[Task statement] Copy exactly the stretch of data below from the line with "two gold birds" through the line with "Postel nebo postele", including both of those lines.

[Records to use]
──────────
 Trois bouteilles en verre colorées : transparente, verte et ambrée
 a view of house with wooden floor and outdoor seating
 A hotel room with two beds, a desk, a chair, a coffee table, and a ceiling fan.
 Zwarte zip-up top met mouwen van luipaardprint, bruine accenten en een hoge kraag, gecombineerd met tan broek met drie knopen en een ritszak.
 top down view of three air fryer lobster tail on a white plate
──────────
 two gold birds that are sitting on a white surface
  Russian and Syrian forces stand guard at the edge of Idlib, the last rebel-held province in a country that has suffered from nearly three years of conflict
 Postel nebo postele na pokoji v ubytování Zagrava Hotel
──────────
[Response box]
 two gold birds that are sitting on a white surface
  Russian and Syrian forces stand guard at the edge of Idlib, the last rebel-held province in a country that has suffered from nearly three years of conflict
 Postel nebo postele na pokoji v ubytování Zagrava Hotel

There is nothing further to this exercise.